- _Task to carry out_:
Your output should be everything below from the line containing "Tattooed trans Lily" down to the line containing "un groupe de", both ends included, copied exactly, with pictures left out.

- _Data to use_:
====

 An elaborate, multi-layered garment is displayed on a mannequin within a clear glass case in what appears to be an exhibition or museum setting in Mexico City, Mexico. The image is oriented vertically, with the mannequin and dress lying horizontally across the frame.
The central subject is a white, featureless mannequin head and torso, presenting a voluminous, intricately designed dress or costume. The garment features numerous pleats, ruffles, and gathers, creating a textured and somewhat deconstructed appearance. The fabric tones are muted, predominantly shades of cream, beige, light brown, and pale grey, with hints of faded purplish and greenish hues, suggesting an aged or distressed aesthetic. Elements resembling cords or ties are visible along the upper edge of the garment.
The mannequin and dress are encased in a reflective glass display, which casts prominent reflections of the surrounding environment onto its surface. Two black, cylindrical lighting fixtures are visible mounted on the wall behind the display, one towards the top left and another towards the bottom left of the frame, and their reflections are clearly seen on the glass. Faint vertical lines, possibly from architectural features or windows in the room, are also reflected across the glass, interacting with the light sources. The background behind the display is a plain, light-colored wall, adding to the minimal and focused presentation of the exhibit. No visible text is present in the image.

====

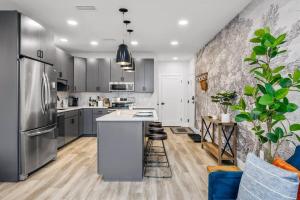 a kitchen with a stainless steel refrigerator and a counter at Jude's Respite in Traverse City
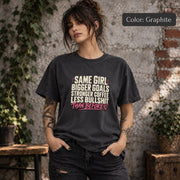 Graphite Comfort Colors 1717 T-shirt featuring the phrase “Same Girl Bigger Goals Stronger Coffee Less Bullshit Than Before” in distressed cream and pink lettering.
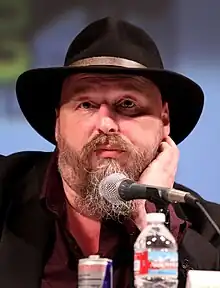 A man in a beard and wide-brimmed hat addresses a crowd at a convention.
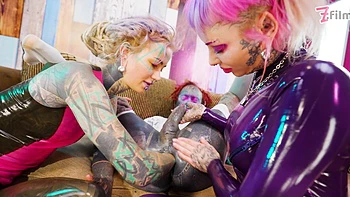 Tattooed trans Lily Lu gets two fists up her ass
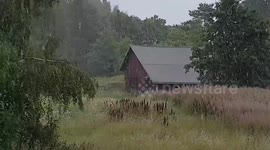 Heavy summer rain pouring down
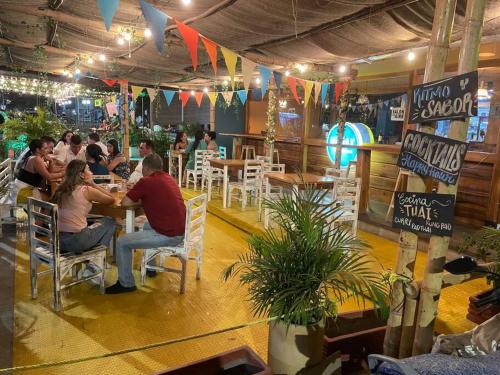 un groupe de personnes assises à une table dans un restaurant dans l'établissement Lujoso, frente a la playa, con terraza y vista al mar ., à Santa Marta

====

- _Result of the exercise_:
 Tattooed trans Lily Lu gets two fists up her ass
 Heavy summer rain pouring down
 un groupe de personnes assises à une table dans un restaurant dans l'établissement Lujoso, frente a la playa, con terraza y vista al mar ., à Santa Marta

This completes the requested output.